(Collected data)

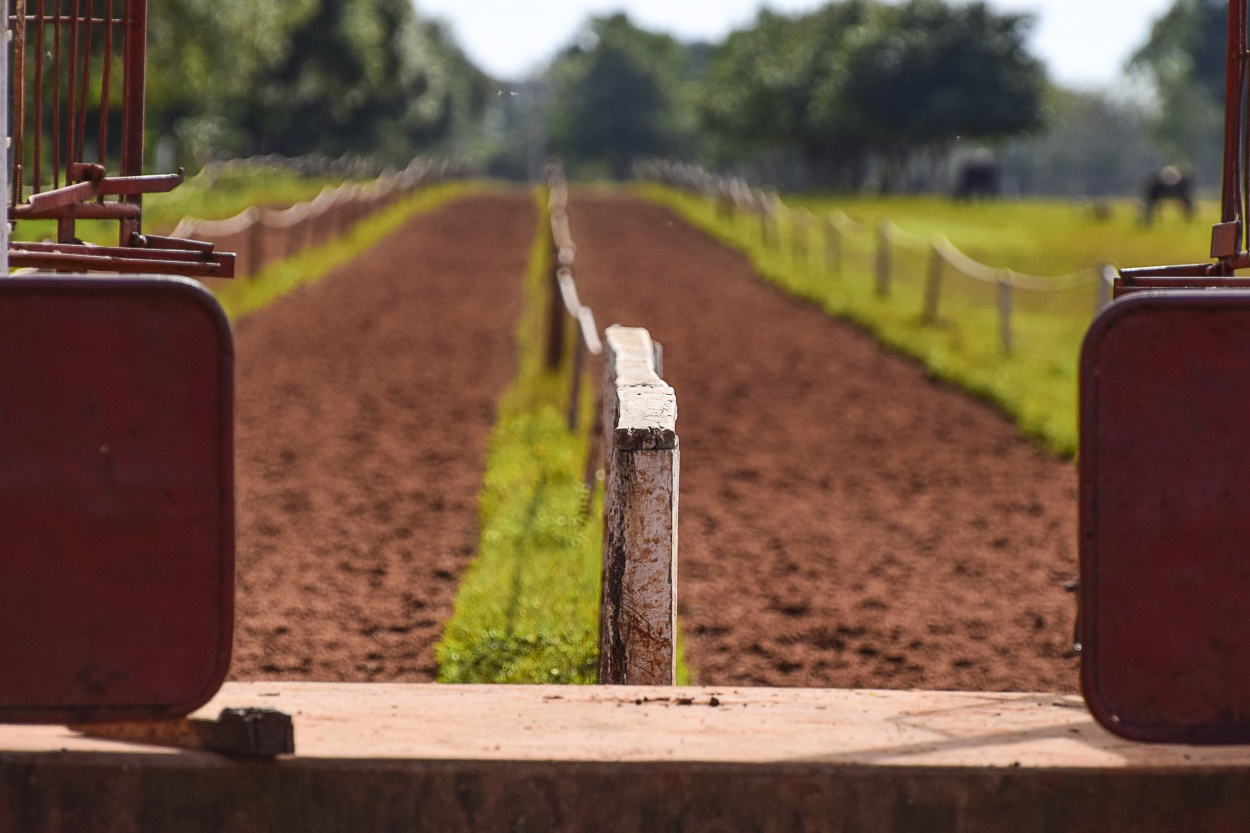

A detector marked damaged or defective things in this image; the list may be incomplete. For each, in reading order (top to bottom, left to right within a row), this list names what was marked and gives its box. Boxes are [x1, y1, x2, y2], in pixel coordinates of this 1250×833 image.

rusty metal mechanism [4, 0, 234, 280]
rusty metal mechanism [1120, 0, 1248, 294]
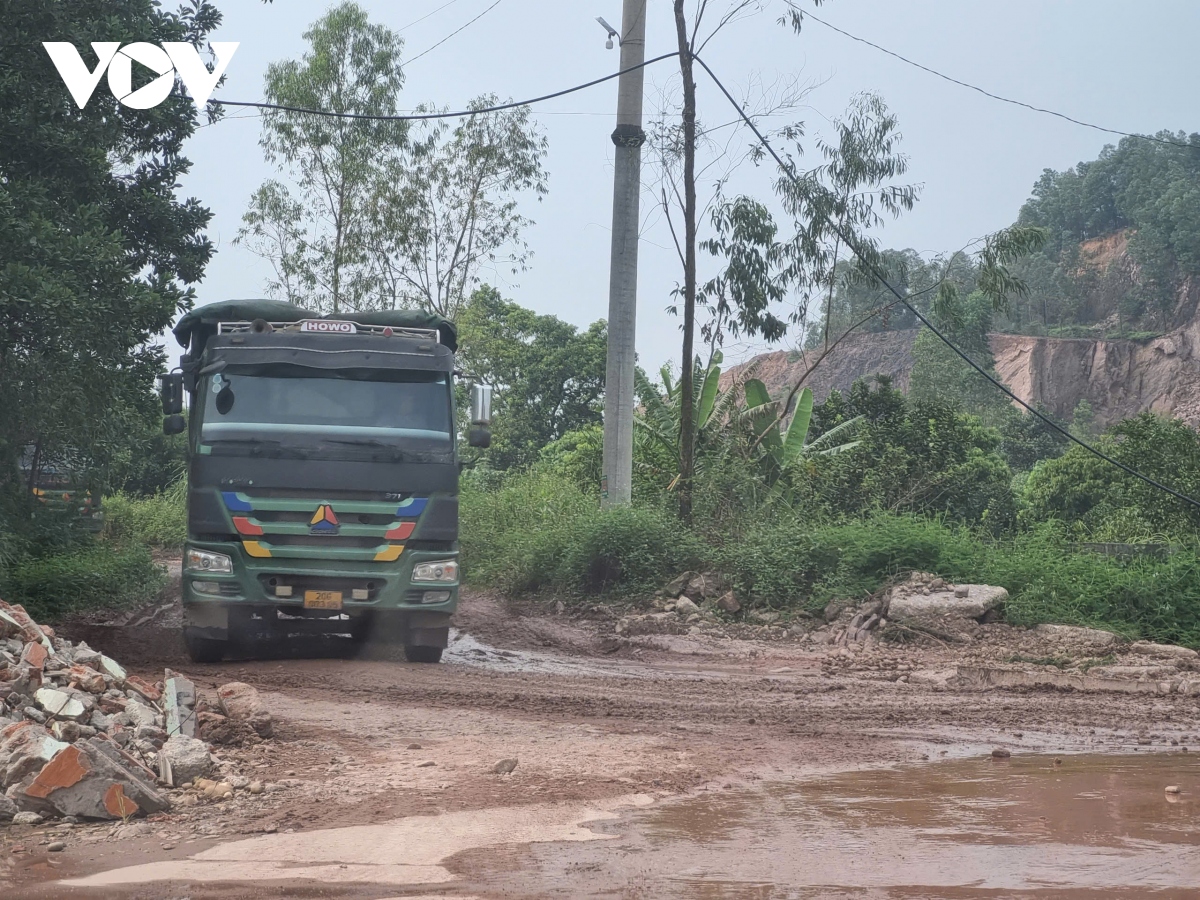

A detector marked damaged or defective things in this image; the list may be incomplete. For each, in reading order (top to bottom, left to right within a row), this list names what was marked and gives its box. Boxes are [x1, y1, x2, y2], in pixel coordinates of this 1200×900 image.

broken concrete block [888, 585, 1008, 619]
broken concrete block [34, 691, 88, 724]
broken concrete block [217, 681, 273, 739]
broken concrete block [0, 724, 69, 787]
broken concrete block [15, 739, 169, 825]
broken concrete block [159, 734, 213, 787]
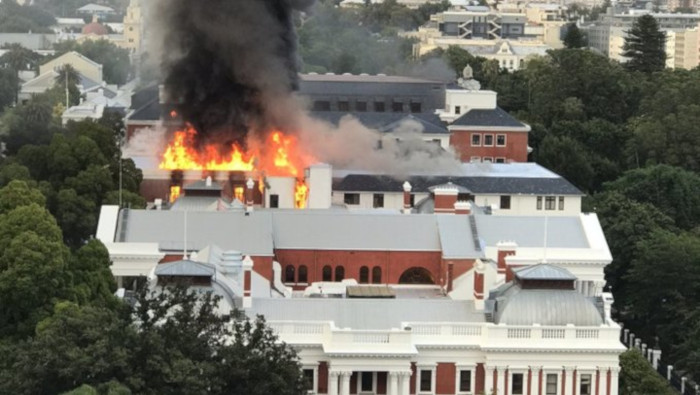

__WHAT THE EXERCISE ASKS__. Give every entry again word for word; no images belong in the copy.

__RESPONSE__.
A detector marked damaged or defective things in this image; the list may be incomplete. For each, in reading order (top to bottom, left to right within a row), this list names what was marked and gives its box. Boxes are [x1, y1, x2, y2], in pixel coordinates of this 1250×833 image.

rusty metal mechanism [4, 0, 234, 280]
rusty metal mechanism [1120, 0, 1248, 294]

A detector marked damaged or defective things in this image; the list may be incomplete. For each, in reading order (top to bottom, left to right within a row), this list names what was marked and gives its box. Boxes are [x1, y1, x2, y2], in pixel coordinates of this 1200×900 image.

broken concrete block [888, 585, 1008, 619]
broken concrete block [34, 691, 88, 724]
broken concrete block [217, 681, 273, 739]
broken concrete block [0, 724, 69, 787]
broken concrete block [15, 739, 169, 825]
broken concrete block [159, 734, 213, 787]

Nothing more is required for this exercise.